Continuing Home

The ongoing saga of a Continuing Anglican church home, as seen by a member of the laity.

Saturday, April 28, 2007

At Evensong: Incense & Organ, Unexcelled

Please forgive the "AEIOU"; it's late (for me) and I shouldn't be posting but I wanted to say a few things about this evening before I forget.

We arrived just before Evensong, which kicked off the evening (for us). It was beautiful!

We don't usually have a procession from the Narthex for Evensong but this was a special occasion, and Banning and Stephen did an excellent job as Lucifers (I can tell Acolyte Master Ranjit has been working with them). Already I've got things out of order, because we were treated to more of Josephine's excellent organ work for the prelude, procession, and throughout the service. She doesn't usually play for Evensong but that's okay because I also like the a cappella singing -- we're in good hands with Fr. Daniel, George and Kathy, and (though I admit I'm there but rarely) it's getting ever better. And with all the folks we had this evening, more than we'd have for a Sunday service some years back (estimating by voices, because I was in a pew up front), the accompaniment didn't swamp us.
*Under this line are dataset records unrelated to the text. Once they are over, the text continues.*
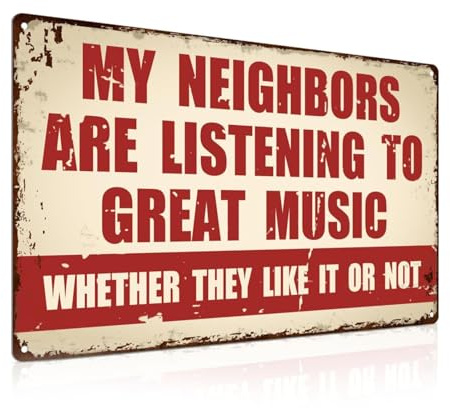 Music Gifts for Men,Funny Metal Signs Gift for Music Lovers Man Cave Bar | Heavy Metal Gift for Guitarist DJ Players Neighbours Garage Old Room Decoration Unusual Art Sign,Halloween Christmas Presents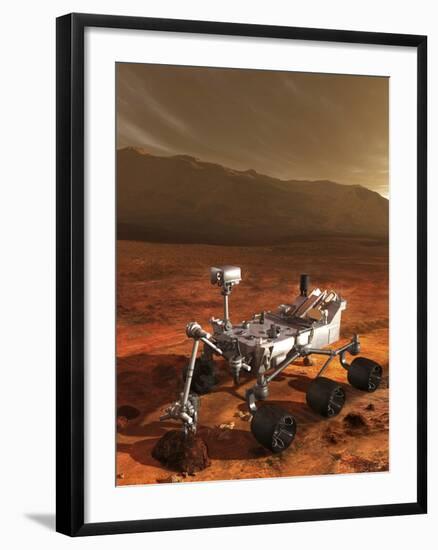 Nasa's Curiosity Rover Samples a Rock on the Floor of Gale Crater-null-Framed Art Print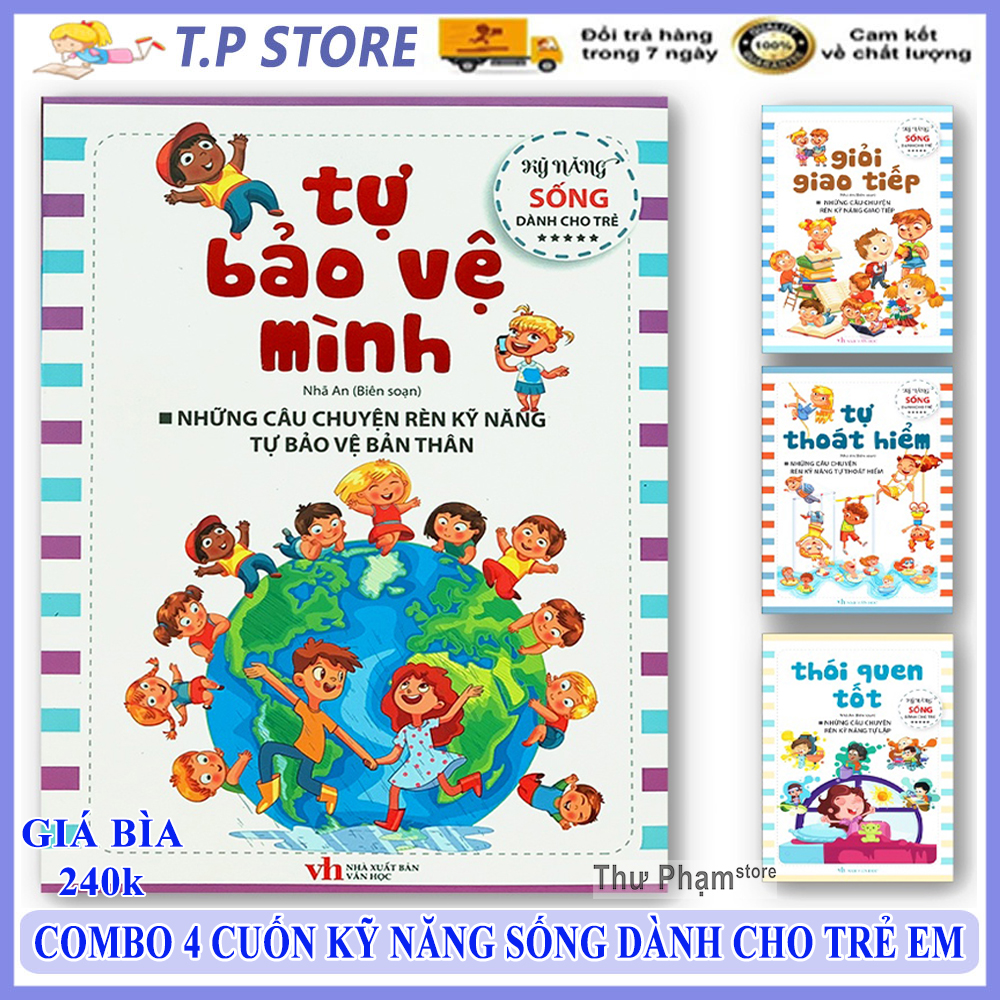 Combo Bộ 4 Cuốn Rèn Luyện Kỹ Năng Sống Dành Cho Trẻ: Giỏi Giao Tiếp, Thói Quen Tốt, Tự Thoát Hiểm, Tự Bảo Vệ Mình - Sách Cho Trẻ Em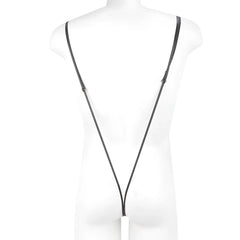 Black leather strap with adjustable metal clasps and a white cylindrical attachment from MetroMaleWear Miami bodysuit black 0008-20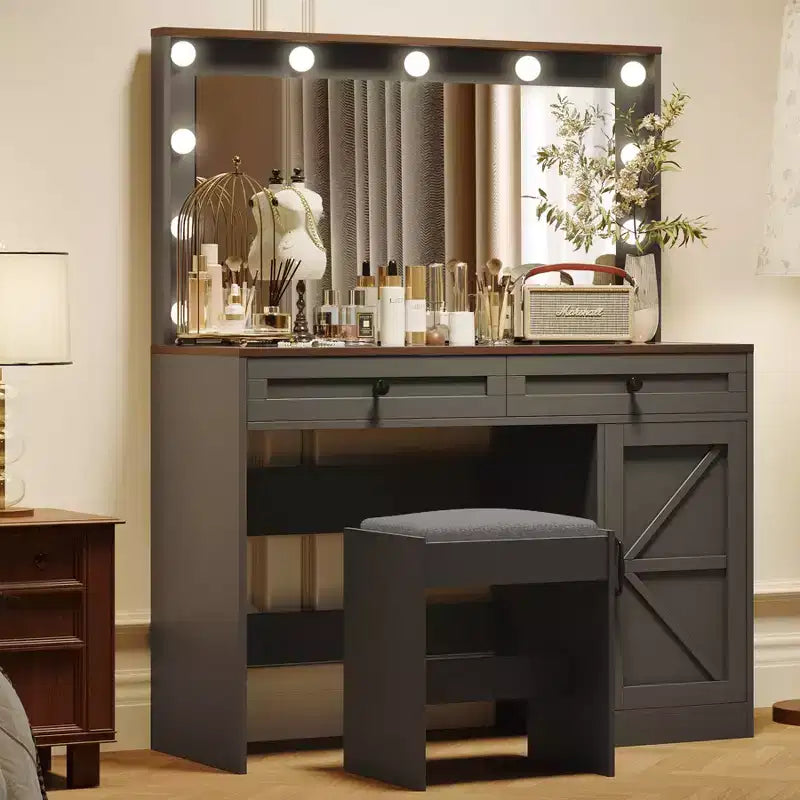 Coiffeuse avec grand miroir, Table de maquillage avec plateau en verre transparent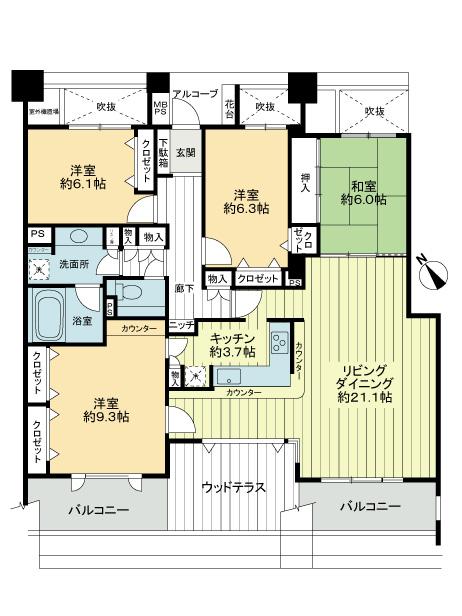 Floor plan. 3LDK, Price 30,800,000 yen, Footprint 117.72 sq m , Balcony area 13.19 sq m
And as we do on special occasions, the thurible and incense were brought out. Drew has quite some practice at this, I could tell, far more than me. Then again, my main experience is on Sundays with parishioners present with breathing problems so I have to try to limit the "emissions."

But overall, tonight's Evensong was, in my experience, unexcelled.
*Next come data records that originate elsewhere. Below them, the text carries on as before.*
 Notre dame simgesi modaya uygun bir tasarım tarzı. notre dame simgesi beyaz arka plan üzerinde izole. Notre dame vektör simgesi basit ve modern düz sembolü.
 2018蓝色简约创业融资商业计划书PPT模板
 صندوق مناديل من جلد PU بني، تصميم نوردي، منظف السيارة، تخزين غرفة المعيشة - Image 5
Afterwards, we retired to the Parish Hall for final dinner preparations. During this hour Bishop Provence was meeting individually with a couple of men from the church. Downstairs, we realized that we're likely to have an overflow crowd tomorrow so one of the group decided to bring a number of folding chairs up in advance and set them up outside the pews and I volunteered to help.
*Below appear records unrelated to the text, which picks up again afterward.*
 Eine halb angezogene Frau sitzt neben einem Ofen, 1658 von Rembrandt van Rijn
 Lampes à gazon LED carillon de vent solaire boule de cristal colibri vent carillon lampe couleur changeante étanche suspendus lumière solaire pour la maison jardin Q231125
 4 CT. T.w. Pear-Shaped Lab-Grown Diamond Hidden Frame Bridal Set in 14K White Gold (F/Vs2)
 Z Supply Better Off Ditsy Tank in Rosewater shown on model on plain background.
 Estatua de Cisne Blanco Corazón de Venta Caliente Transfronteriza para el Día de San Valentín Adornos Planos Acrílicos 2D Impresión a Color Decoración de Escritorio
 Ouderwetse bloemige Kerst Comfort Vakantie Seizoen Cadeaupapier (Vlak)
When we got upstairs I saw one of the men sitting in the front pew, and realized he was likely reflecting and praying before his interview. The minimal noise (initially) and social situation "required" him to interrupt that for greetings, etc. I felt bad about that, and worse that another present missed the whole thing, with the result that the quiet of the church was completely disrupted for this fellow. And it got worse when I brought some "spare" folding chairs to be stored in the Narthex in case they were needed and they wouldn't go into place without more crashing noise.

With that done, I went back down to the Parish Hall and considered how to spend the rest of the remaining hour before dinner. One idea I've been kicking around lately was a montage of photos, "The Flowers of St. Bartholomew's", featuring the wide variety of flowers that bloom in our gardens. A big reach for a thoroughly amateur photographer, but "nothing ventured, nothing gained." All I had was the point-n-shoot pocket camera, but it was good enough for a test run. So I went around taking some test shots and ran into the fellow we'd disturbed in the Narthex, now out in the parking lot. We talked briefly and he apologized for interrupting my photography. He didn't know that that I was praying for the interviews, including his, at the time.

In any event the interviews were soon done, and dinner began. We'd looked at "catered" dinners in local restaurants as we've done in recent past, but they tend to be expensive and hard on folks' budgets, so per Mary Ellen's and Fr. Daniel's suggestion Kathy arranged a dinner in the Parish Hall. This was not "potluck" but organized from appetizers through dessert, to accomodate various known dietary restrictions. With the many good cooks we have, it came off splendidly well. (Ranjit came up with a pasta dish that I really liked, and I don't usually care for pasta at all.)

After dinner we were treated to a sonata for piano and cello, performed by Josephine and Ruby. Sammartini? Sonata in G something? My notes were not clear -- unlike theirs. Just beautiful!

A wonderful evening. Waiting to see what tomorrow brings...


  • At 1:45 PM, Blogger Anglican Parish Priest said…

    G major...

    The music was a major (no pun intended) reason not to go out to eat in a side room of some generic, $25-a-plate restaurant. Musicians are a gift from God.

    I am sorry that the Persian place didn't work out: that sounded good.

    However, people in our parish are such good cooks - I think we ought to compile a cookbook. That way, we could share the expertise with others (and also list some of those really neat soups that we had during Lent)!

  • At 4:52 PM, Blogger Continuing Home said…

    I quite agree about the cookbook. A great idea!